Loading...
Loading...
News corpora, social media analysis, movie/music metadata, sports data, cultural datasets, misinformation
11,001 datasets
Review checkpoints likely contain text data for analysis, such as user feedback or product evaluations. The dataset is hosted on Kaggle, a platform for data science and machine learning projects. Specific details about the data volume, source, and creation date are not provided in the available metadata.
Movie information sourced from the IMDB platform. The data was taken and merged in October 2025. The dataset is hosted on Kaggle, but specific details about its size, structure, and contents are not provided in the metadata.
E-Commerce Product & Web-Scraped Datasets is a collection of product feeds, pricing metrics, and consumer review data aggregated from multiple domains. The dataset appears to be sourced from web scraping activities, though the specific sources and collection methodology are not detailed. The number of records, file formats, and last update date are unknown.
A dataset of restaurant food reviews with sentiment labels, sourced from Kaggle. The dataset likely contains text reviews and corresponding sentiment classifications. Metadata such as row count, column details, and creation date are not provided in the input.
TMDB Movies Dataset originates from Kaggle, a platform for data science competitions. Its content likely relates to movies, based on the title, but specific details like size, columns, and creation date are unconfirmed. Users should verify the actual data content after download.
Kaggle hosts a dataset titled 'nature and culture', though its specific contents are not detailed. The title suggests it may contain information linking environmental and societal factors. Metadata is minimal; actual data quality and scope require verification after download.
ProtoSSMK3vecMultiSeedFilmGated is a dataset published on Kaggle. The title suggests it may contain prototype or experimental data related to multi-seed or film-gated processes, likely for machine learning. The dataset's specific content, size, and origin are not detailed in the provided metadata.
A 2019 dataset from Politecnico di Milano includes news articles from US major news outlets and associated Twitter sharing activities. It covers tweet content and user details, conceived to study news dissemination behaviors. The dataset was used for political stance classification and is described in the ICWSM'19 paper by Brena et al.

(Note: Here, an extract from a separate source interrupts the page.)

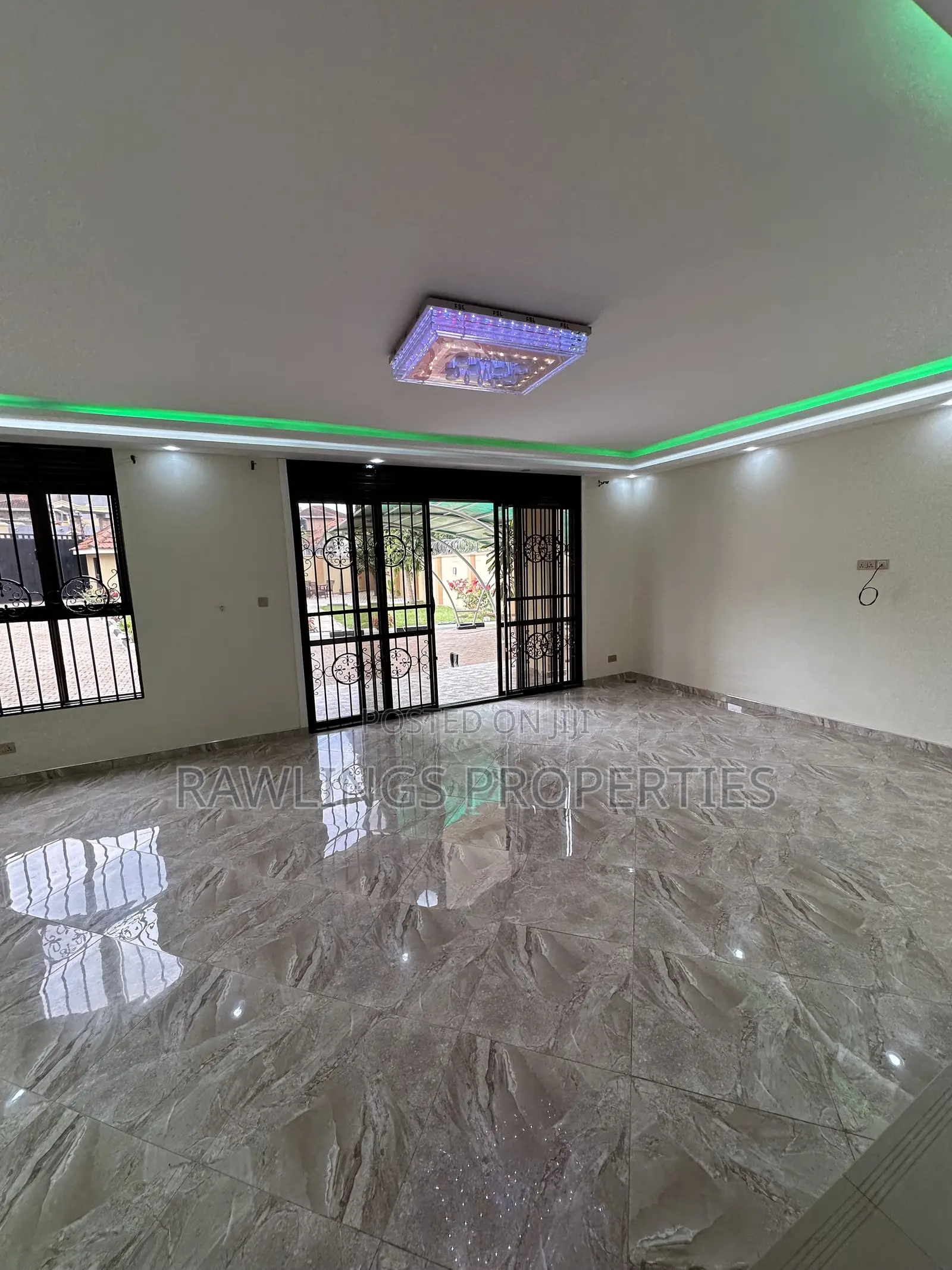 4bdrm Townhouse / Terrace in Canaan Estate, Makindye for rent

A systematic review of fibromyalgia research literature from 2020. The dataset, authored by Alessandra Alciati of Humanitas University, compiles all articles on fibromyalgia indexed in PubMed between 1 January 2020 and 31 December 2020. The review focuses on diagnostic, pathogenetic, and therapeutic aspects of the syndrome.
Ultraviolet images of Earth's aurora captured by the Dynamics Explorer 1 satellite's Spin-Scan Auroral Imager. The data includes quasi-logarithmically compressed intensity counts and spacecraft position, velocity, and spin axis vectors. NASA provides this data in CDF format via CDAWeb.

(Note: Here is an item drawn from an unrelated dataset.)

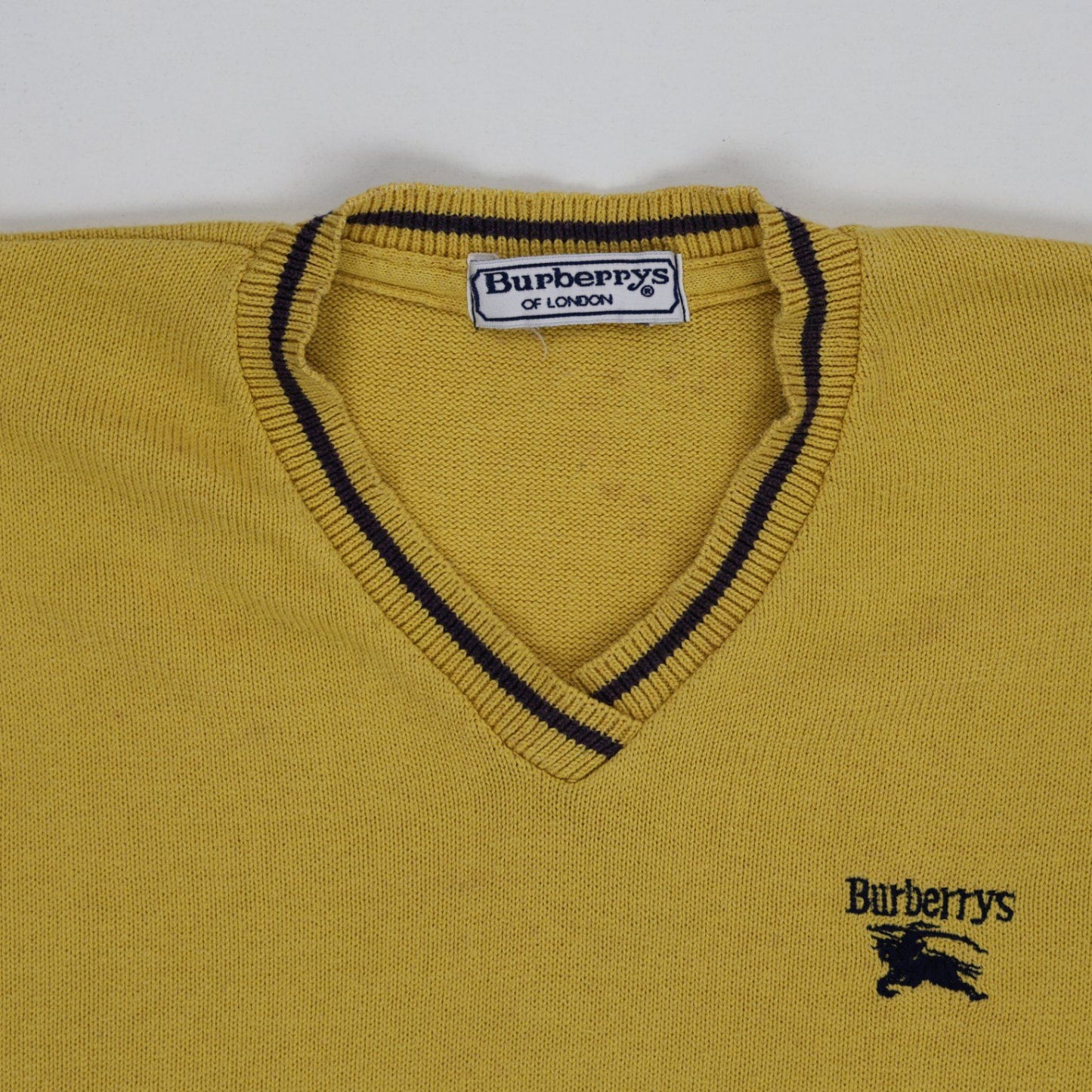 Burberrys Vintage Mustard Yellow Wool Sleeveless Knit Vest Size Large V-Neck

An AI-powered skincare reviews and recommendation dataset. The dataset's author, organization, and specific scale are unknown. It was sourced from the Kaggle platform, but its last update date is not provided.
A collection of movie reviews from critics, sourced from the Rotten Tomatoes platform. The dataset is hosted on Kaggle, but its specific size, date range, and collection methodology are not detailed in the provided metadata. The content likely contains textual reviews and associated critic ratings.

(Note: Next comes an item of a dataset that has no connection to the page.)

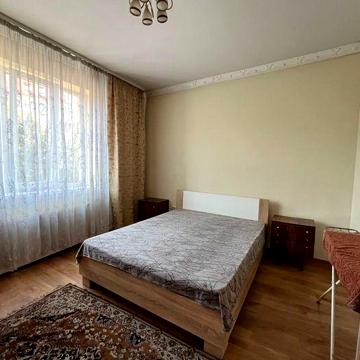Оренда 2- кімнатної квартири неподалік центру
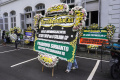 jenazah-solihin-gp-disemayamkan-di-kodam-iiisiliwangi_20240305_173835.jpg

Kaggle hosts a dataset tracking digital behavior and mental health indicators. The data likely contains measures related to anxiety, depression, and dopamine addiction. The author, organization, and specific data volume are unknown.
Bangla language text data related to fake news detection. The dataset is published on Kaggle, but its size, creation date, and author are unknown. Metadata is minimal; actual content requires verification after download.
A dataset listing top-rated movies, sourced from the Kaggle platform. The specific number of movies, rating criteria, and data collection method are not detailed in the available metadata. The dataset's content and structure require verification after download.
Kurdish movies datasetss is a dataset hosted on Kaggle. The dataset likely contains information about films from Kurdish cinema. Metadata is minimal; actual content and scale require verification after download.
Replication code published in 2026 supports a study analyzing reproductive outcomes and son preference. The package contains Stata do-files for reproducing tables and figures from a Review of Development Economics article. It was authored by Khilola Dushamova and hosted by Harvard Dataverse.
The SESAME (Satellite Experiments Simultaneous with Antarctic Measurements) dataset contains key parameters from a ground-based experiment. It provides omni-directional intensities in decibels (dB) measured in two narrow passband filters centered on 1kHz and 3kHz. The data was produced by NASA and documented in a 1995 Space Science Reviews publication.
MovieLens data contains over 32 million movie ratings and tagging activities contributed by users since 1995. The dataset was uploaded to Kaggle in October 2023. The specific author, organization, and license details are not provided in the available metadata.
Greater London Authority ad hoc housing analysis results, including figures referenced in Mayoral press releases. The data is produced by the Greater London Authority and was last updated on March 25, 2026. The specific scope, time range, and granularity of the underlying analysis are not detailed in the provided metadata.